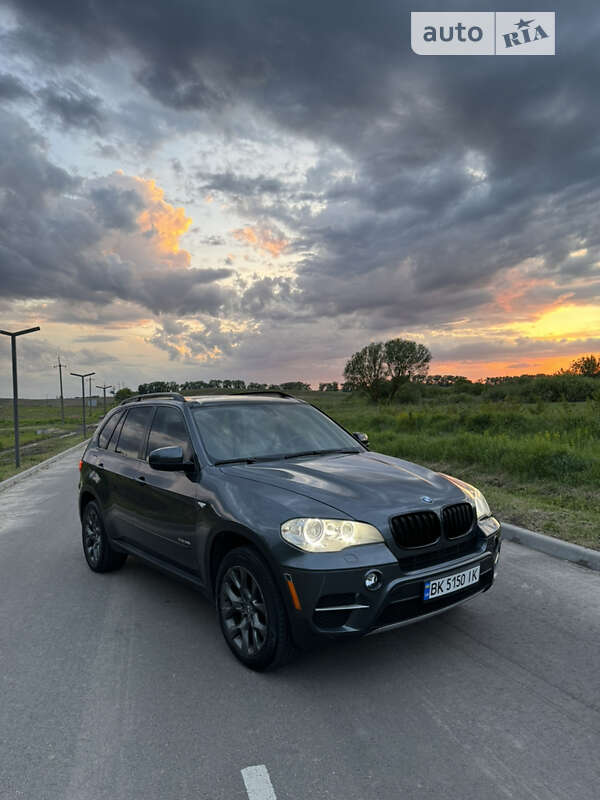 Внедорожник / Кроссовер BMW X5 2011 в Ровно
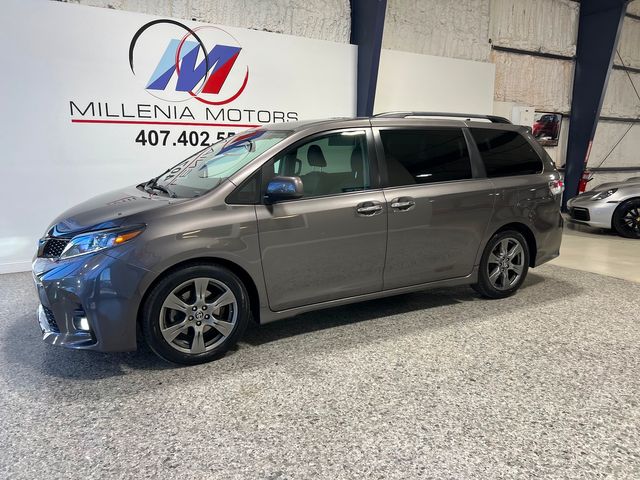 2019 Toyota Sienna SE Premium 8-Passenger | Longwood, FL | Millenia Motors 2019 Toyota Sienna SE Premium 8-Passenger | Longwood, FL | Millenia Motors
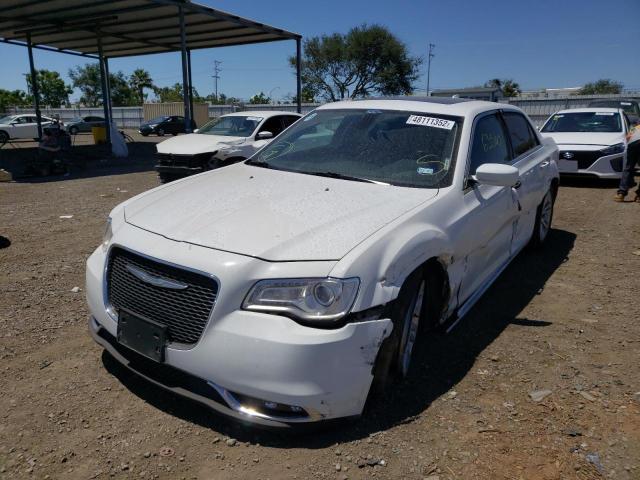 Photo 2 from auction – 2017 CHRYSLER 300 LIMITE with VIN 2C3CCAAG1HH538658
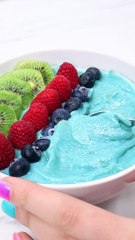 How to make a Blue Acai Bowl! Thick, Easy, Healthy! | Acai Bowl Recipe with Spirulina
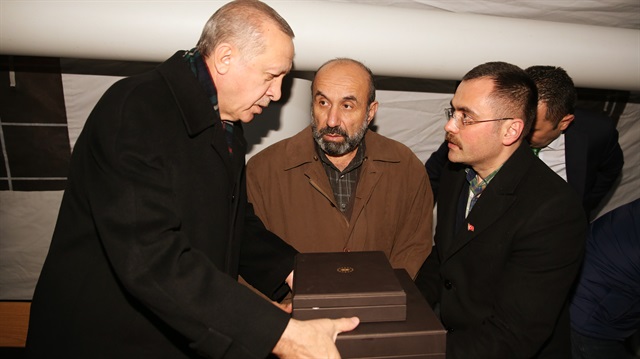 Cumhurbaşkanı Erdoğan, Afrin'deki terör unsurlarına karşı düzenlenen Zeytin Dalı Harekatı'nda şehit düşen Piyade Astsubay Üst Çavuş Musa Özalkan'ın ailesini ziyaret etti.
___
◆ HOW TO COMPLETE THIS TASK
Return every line above verbatim, pictures excluded.

◆ ANSWER SPACE
 Внедорожник / Кроссовер BMW X5 2011 в Ровно
 2019 Toyota Sienna SE Premium 8-Passenger | Longwood, FL | Millenia Motors 2019 Toyota Sienna SE Premium 8-Passenger | Longwood, FL | Millenia Motors
 Photo 2 from auction – 2017 CHRYSLER 300 LIMITE with VIN 2C3CCAAG1HH538658
 How to make a Blue Acai Bowl! Thick, Easy, Healthy! | Acai Bowl Recipe with Spirulina
 Cumhurbaşkanı Erdoğan, Afrin'deki terör unsurlarına karşı düzenlenen Zeytin Dalı Harekatı'nda şehit düşen Piyade Astsubay Üst Çavuş Musa Özalkan'ın ailesini ziyaret etti.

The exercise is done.